(Records for the task Opens)
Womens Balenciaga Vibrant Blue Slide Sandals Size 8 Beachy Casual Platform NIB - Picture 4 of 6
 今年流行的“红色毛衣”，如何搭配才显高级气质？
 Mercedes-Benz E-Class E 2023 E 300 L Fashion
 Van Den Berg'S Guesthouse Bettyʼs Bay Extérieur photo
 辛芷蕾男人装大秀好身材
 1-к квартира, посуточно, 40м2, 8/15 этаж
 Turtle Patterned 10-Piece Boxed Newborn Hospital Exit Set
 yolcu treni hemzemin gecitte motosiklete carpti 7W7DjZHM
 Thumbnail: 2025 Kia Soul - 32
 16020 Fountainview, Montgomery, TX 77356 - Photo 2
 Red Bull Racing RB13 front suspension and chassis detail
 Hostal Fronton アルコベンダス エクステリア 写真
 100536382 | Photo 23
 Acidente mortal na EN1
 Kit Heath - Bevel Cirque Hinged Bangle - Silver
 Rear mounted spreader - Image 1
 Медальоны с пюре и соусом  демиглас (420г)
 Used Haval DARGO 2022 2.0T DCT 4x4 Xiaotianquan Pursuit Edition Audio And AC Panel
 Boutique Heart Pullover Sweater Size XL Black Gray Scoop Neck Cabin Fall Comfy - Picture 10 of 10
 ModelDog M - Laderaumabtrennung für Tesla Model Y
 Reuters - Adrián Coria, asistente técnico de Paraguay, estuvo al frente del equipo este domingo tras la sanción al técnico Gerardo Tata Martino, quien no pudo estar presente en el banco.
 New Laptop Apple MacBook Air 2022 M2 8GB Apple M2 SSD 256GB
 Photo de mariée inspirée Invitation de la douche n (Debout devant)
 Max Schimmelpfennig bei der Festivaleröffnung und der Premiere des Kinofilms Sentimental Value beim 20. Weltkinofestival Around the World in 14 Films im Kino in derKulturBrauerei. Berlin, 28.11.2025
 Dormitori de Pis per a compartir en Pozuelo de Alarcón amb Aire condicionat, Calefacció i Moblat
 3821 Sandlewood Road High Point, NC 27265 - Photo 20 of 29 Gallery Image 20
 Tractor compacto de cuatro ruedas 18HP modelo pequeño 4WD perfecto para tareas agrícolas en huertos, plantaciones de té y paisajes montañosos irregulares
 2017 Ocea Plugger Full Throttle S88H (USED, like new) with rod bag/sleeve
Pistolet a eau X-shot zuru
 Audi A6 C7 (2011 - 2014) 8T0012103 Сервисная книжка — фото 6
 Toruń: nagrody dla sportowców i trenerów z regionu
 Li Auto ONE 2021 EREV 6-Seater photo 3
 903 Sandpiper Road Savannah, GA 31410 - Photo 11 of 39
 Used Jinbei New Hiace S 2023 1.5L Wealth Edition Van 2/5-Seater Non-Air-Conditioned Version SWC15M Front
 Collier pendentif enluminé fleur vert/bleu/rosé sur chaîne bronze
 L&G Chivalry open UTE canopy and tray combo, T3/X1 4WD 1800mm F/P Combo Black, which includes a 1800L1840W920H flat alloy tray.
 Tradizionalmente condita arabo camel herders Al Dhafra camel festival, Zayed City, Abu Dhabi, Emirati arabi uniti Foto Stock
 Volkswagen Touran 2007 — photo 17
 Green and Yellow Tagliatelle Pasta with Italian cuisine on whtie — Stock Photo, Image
(Records for the task Closes)
What is being asked: Beginning at the line with "Thumbnail: 2025 Kia Soul - 32" and stopping after the line with "ModelDog M - Laderaumabtrennung", please write out every line of the data above exactly and nothing else.

Written answer:
 Thumbnail: 2025 Kia Soul - 32
 16020 Fountainview, Montgomery, TX 77356 - Photo 2
 Red Bull Racing RB13 front suspension and chassis detail
 Hostal Fronton アルコベンダス エクステリア 写真
 100536382 | Photo 23
 Acidente mortal na EN1
 Kit Heath - Bevel Cirque Hinged Bangle - Silver
 Rear mounted spreader - Image 1
 Медальоны с пюре и соусом  демиглас (420г)
 Used Haval DARGO 2022 2.0T DCT 4x4 Xiaotianquan Pursuit Edition Audio And AC Panel
 Boutique Heart Pullover Sweater Size XL Black Gray Scoop Neck Cabin Fall Comfy - Picture 10 of 10
 ModelDog M - Laderaumabtrennung für Tesla Model Y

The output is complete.